### Task to carry out
A verbatim copy of the full data, with no pictures, is the expected answer.

*** Opening of Data extract ***

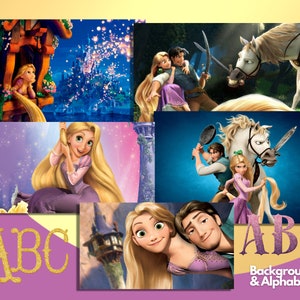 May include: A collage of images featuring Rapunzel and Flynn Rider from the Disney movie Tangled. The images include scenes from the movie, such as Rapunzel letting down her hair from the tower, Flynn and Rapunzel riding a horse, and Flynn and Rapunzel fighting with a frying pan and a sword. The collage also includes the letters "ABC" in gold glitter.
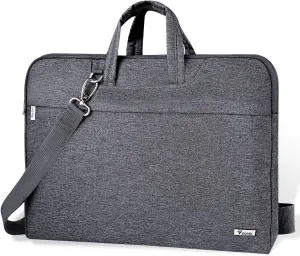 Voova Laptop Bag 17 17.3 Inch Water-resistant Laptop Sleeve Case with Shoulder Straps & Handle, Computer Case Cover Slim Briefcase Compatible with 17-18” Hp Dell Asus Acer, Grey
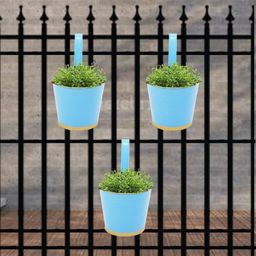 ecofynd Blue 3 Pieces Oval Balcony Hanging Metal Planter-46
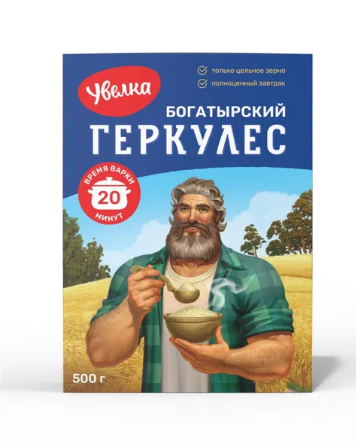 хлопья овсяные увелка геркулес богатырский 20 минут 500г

*** Close of Data extract ***

### Task solution
 May include: A collage of images featuring Rapunzel and Flynn Rider from the Disney movie Tangled. The images include scenes from the movie, such as Rapunzel letting down her hair from the tower, Flynn and Rapunzel riding a horse, and Flynn and Rapunzel fighting with a frying pan and a sword. The collage also includes the letters "ABC" in gold glitter.
 Voova Laptop Bag 17 17.3 Inch Water-resistant Laptop Sleeve Case with Shoulder Straps & Handle, Computer Case Cover Slim Briefcase Compatible with 17-18” Hp Dell Asus Acer, Grey
 ecofynd Blue 3 Pieces Oval Balcony Hanging Metal Planter-46
 хлопья овсяные увелка геркулес богатырский 20 минут 500г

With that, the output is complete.